The search warrant recently executed by U.S. Customs and Fish and Wildlife Service agents on a Virginia-based flooring wholesaler surrounded allegations that the company had illegally imported wood in violation of the Lacey Act, 16 USC § 3371 et seq. It now appears that the federal investigation preceding this raid on two separate locations of the flooring company was based, in part, on an investigation conducted by an independent environmental activist group. This development bolsters three significant trends in Lacey Act enforcement that companies engaged in the purchase, manufacture or sale of wood products should take note of.
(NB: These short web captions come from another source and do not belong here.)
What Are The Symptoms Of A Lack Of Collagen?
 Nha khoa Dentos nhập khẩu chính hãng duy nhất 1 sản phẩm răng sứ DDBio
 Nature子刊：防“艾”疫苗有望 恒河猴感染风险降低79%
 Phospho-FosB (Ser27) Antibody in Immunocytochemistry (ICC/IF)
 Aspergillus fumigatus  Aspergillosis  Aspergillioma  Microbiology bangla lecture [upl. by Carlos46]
First, the Virginia raid demonstrates a continued willingness by federal enforcement agencies to rely on investigations conducted by third-party activist groups as a basis for initiating a government investigation and supporting probable cause determinations. For example, just days after federal agents raided the Virginia-based flooring wholesaler, the activist group Environmental Investigation Agency (“EIA”) released a 64-page report detailing its three-year investigation into the wood buying activities of the Virginia company. The investigation identified a Chinese supplier of the flooring company and allegedly traced the origin of the wood being supplied to an allegedly protected forest in Eastern Russia that is known to be one of the last habitats of Siberian Tigers. The report referenced recorded conversations allegedly inculpating the flooring company, as well as a raft of other information that had been collected pursuant to the investigation by this independent activist group.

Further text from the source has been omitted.